In order for a state to start offering ABLE accounts, the state needs to pass legislation governing their state’s program.
For that reason, the above list may change as more states opt to provide ABLE account programs.
Finding the Right ABLE Account
Here are a few factors you may want to consider when deciding which state’s ABLE account program you should choose:
- Can out-of-state residents enroll in the program?
- Are state tax credits or deductions offered for in-state residents?
- Who administers the program?
- Are there minimum contribution requirements?
- What are the possible fees you could be charged?
- Are there restrictions or fees on disbursements?
- Does the program offer a debit card to make purchases?
- What investment options are available?
- What are the fees on the investment options?
Additionally, make sure you investigate any program you’re considering to see if there are any quirks you need to be aware of.
How to Best Use An ABLE Account
Living with a disability can be challenging, especially without the ability to save money for future expenses without losing vital government benefits.
The main purpose of ABLE accounts is to allow people with disabilities to have savings in excess of the $2,000 limit imposed for most government benefits.
Individuals and families can contribute to ABLE accounts so money is available when it is needed for disability expenses.
The money can grow
To use the main tax benefit of ABLE accounts, you’ll need to invest the balance of an ABLE account and let it grow over time.
The reason why you need to do this to take advantage of the tax benefit is only investment earnings are tax-free.
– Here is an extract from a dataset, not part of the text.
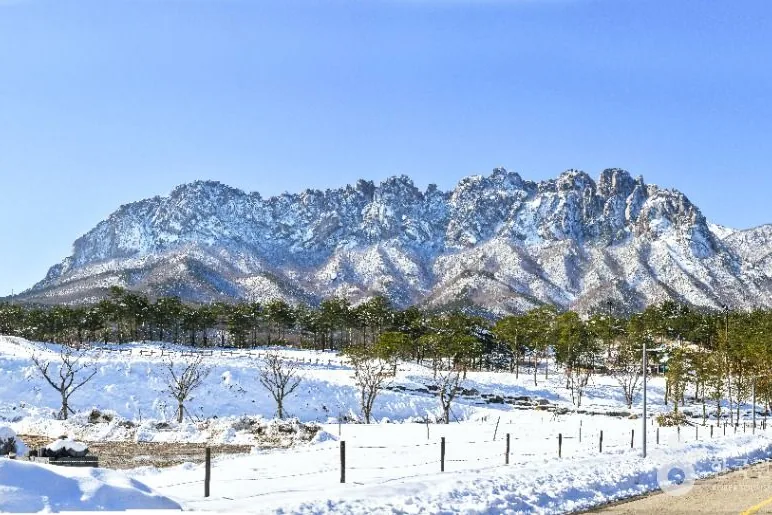Snow-covered Ulsanbawi Rock seen across snowy fields near Sokcho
If you simply deposit money in an ABLE account and use it for expenses right away, you won’t gain any real tax benefit.
Paying for qualified expenses
While the tax benefit is nice, it shouldn’t be your main concern with an ABLE account.
View the tax benefit as the cherry on top of a sundae. It’s nice, but it isn’t the main reason for ordering a sundae.
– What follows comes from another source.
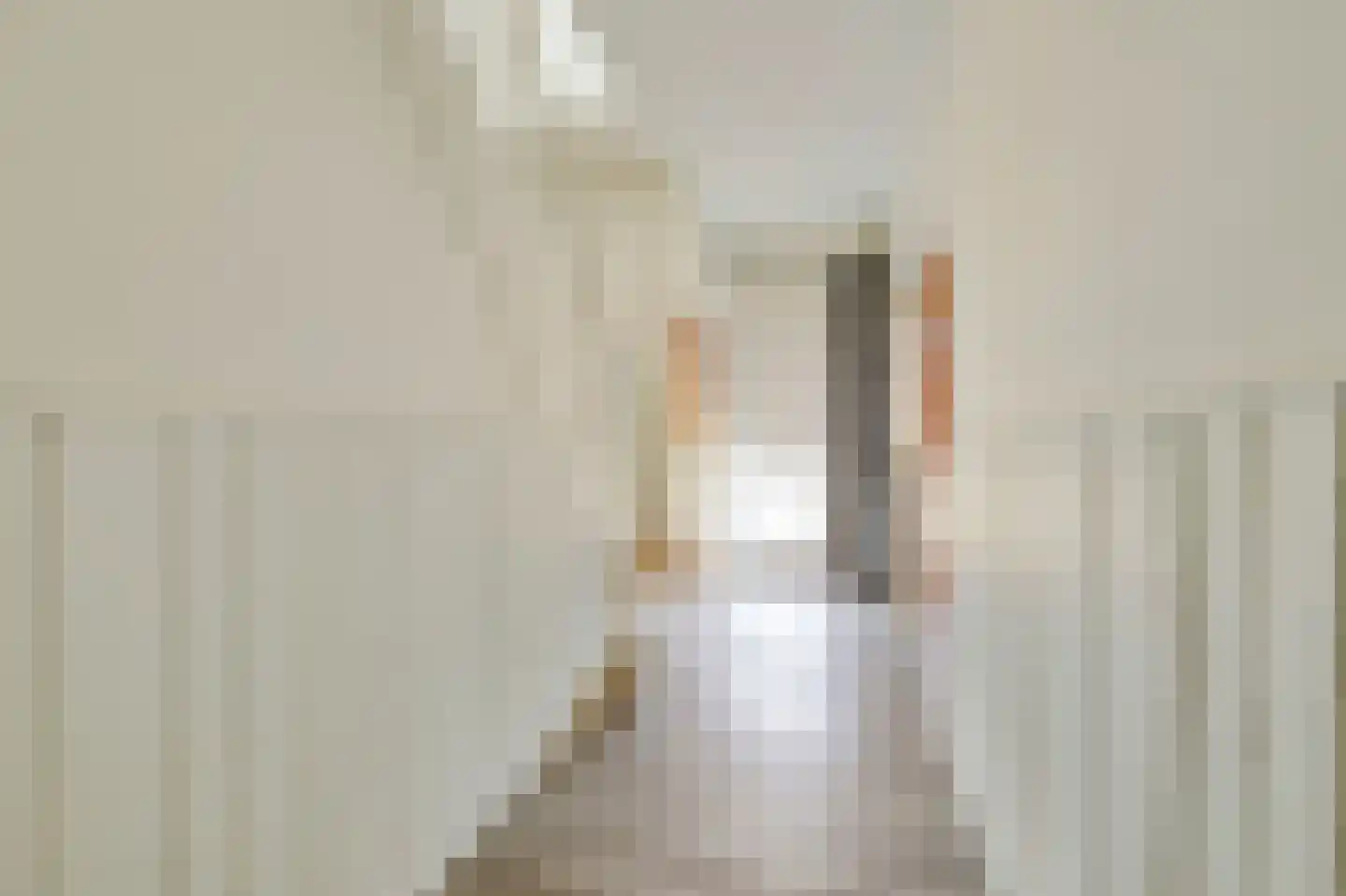 Kamervoort 28 Angeren thumbnail 4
Instead, focus on using the ABLE account to save for future qualified disability expenses that you know will pop up.
This way, you won’t be forced to go into debt or rely on someone else to pay for large expenses that exceed the $2,000 savings limit.
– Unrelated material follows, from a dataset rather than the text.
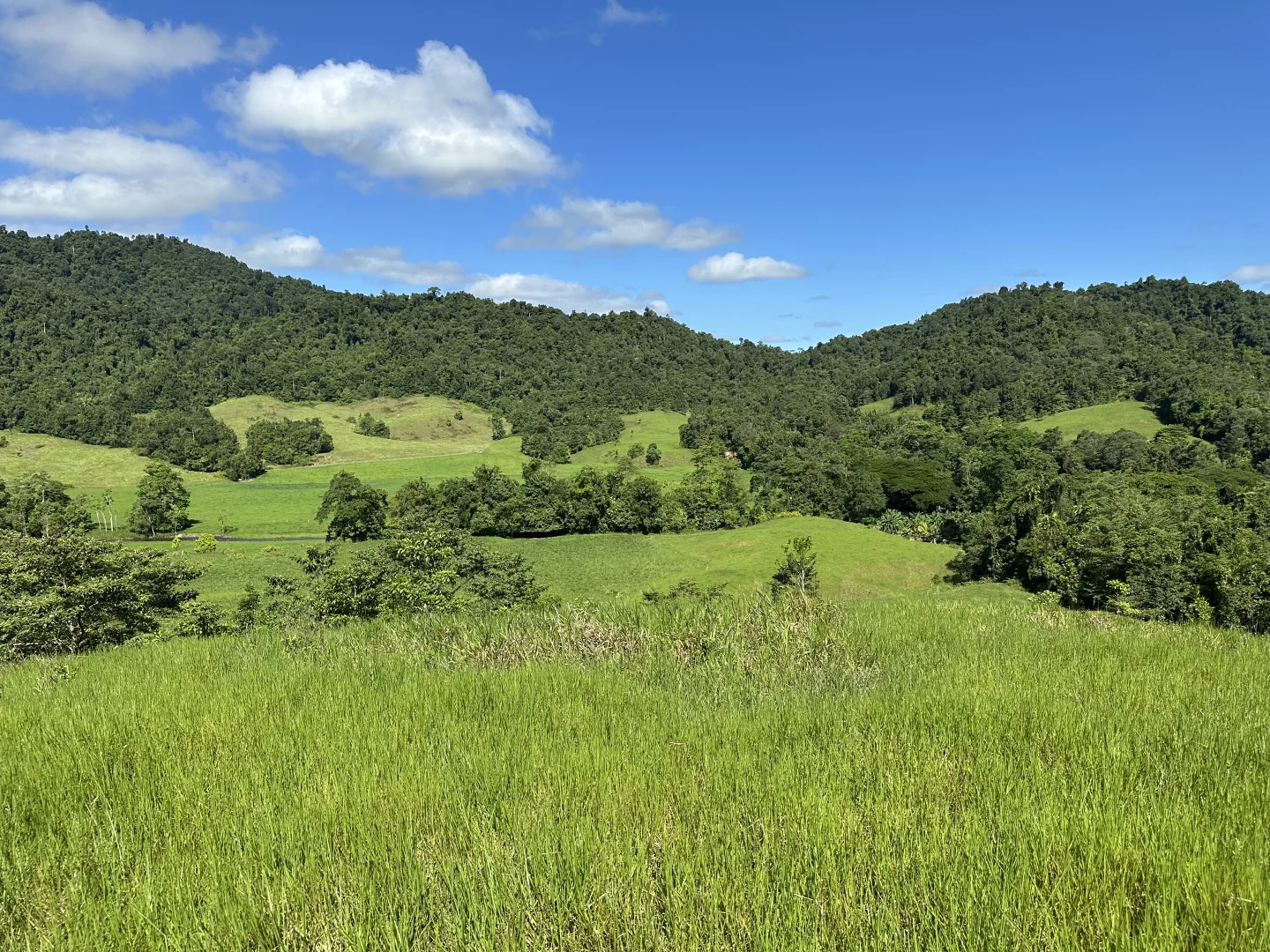 Additional image 19 of Japoonvale QLD 4856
For instance, you may need a minivan with special accommodations to be able to drive safely.
Let’s say the minivan costs $50,000 after the necessary modifications have been made.
Prior to the ABLE account program, you couldn’t save money in advance to pay for a minivan in cash without exceeding the $2,000 in savings allowed by many federal assistance programs.
Instead, you’d be forced to take out a loan and make monthly payments on the minivan in order to keep your benefits.
Now you could save that $50,000 in advance in an ABLE account.
Then, when you need to purchase the specialty minivan, you could pay cash and avoid taking out a car loan.
ABLE Accounts Are a Great Resource
ABLE accounts are a great resource for those with disabilities that qualify for them.
Now, you can save money, up to $100,000, without worrying about losing access to vital benefits like SSI, SSDI and Medicaid.
Make sure you research which state’s ABLE account program provides the best overall benefits for you before you open one.
In general, consider your own state’s program first.
Then compare your state’s program to other programs to find the best program for you.
And, remember, you should still maintain a regular savings account and other tax-advantaged accounts to round out your financial setup.